You can not hunt on their property. I lease property from them for agriculture purposes. They will not give permission to hunt on their propery. 

I met with their field supervisor last summer to go over some issues and talked to him about this issue. We talked about how people assume that they can hunt, ride on, ect. on the property. I also heard some stories on stupid hunters. Seems some people think the towers make great supports for their deer stand, future Darwin Award winners.


----------



## MIKE W (Jan 11, 2001)

Thanks again. It looks to me like if I paid (valuable consideration) a land owner then they would be liable. Maybe that's why it's so hard to lease land. I wonder if a signed and noterized agreement between the two parties would override that. No wonder people get confused when trying to learn about the law, they have their own language, it should be called lawer slang. Hmmmm...I wonder what it says about not properly posted land?


----------



## Ferg (Dec 17, 2002)

> _Originally posted by MIKE W _
> *Thanks again. It looks to me like if I paid (valuable consideration) a land owner then they would be liable. Maybe that's why it's so hard to lease land. *


Re-read that Mike - even if you paid, the land owner is NOT liable, unless there was some obvious condition that he neglected to tell you about - lacking that - no harm no foul.

ferg....


----------



## boehr (Jan 31, 2000)

Correct Ferg. The example I have used for gross negligence or willful and wanton misconduct of the owner, would be if the owner dug a hole, put pungy sticks in the bottom of the hole, then spread some covering over the hole so someone would fall through.

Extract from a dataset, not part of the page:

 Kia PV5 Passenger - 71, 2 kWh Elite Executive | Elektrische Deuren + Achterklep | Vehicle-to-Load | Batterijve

Liability is a very big misconception by property owners and hunters. I have never, nor has anyone I ever asked, been able to show me any type of documentation of a civil suit because someone got hurt on someone elses property while hunting or fishing with or without permission, paying or not paying. Even in this world were anyone can sue anyone for anything, it still doesn't happen in the hunting arena.


----------



## Ferg (Dec 17, 2002)

> _Originally posted by boehr _
> * The example I have used for gross negligence or willful and wanton misconduct of the owner, would be if the owner dug a hole, put pungy sticks in the bottom of the hole, then spread some covering over the hole so someone would fall through.
> *


Now thats willful and wanton !!!

ferg....
too funny Ray....


----------



## MIKE W (Jan 11, 2001)

I still don't get it. Maybe we should just leave it at that. I read it a bunch of times and it does'nt make sense to me. I'm a layman. I understood everything except for "without paying to the owner a valuable consideration". What's so hard to understand, is that whole paragraph is one sentence. By the time your finished reading it, you forgot what the whole thing was all about.


----------



## FIJI (May 15, 2003)

Yup.......too funny ! LOL
:lol:


----------



## multibeard (Mar 3, 2002)

Alot of the powerlines running thru the county side are NOT the property of the power companys. They are easements that are controlled by the power companys but not owned by them. Therefore you need the permission of the property owner not the power company.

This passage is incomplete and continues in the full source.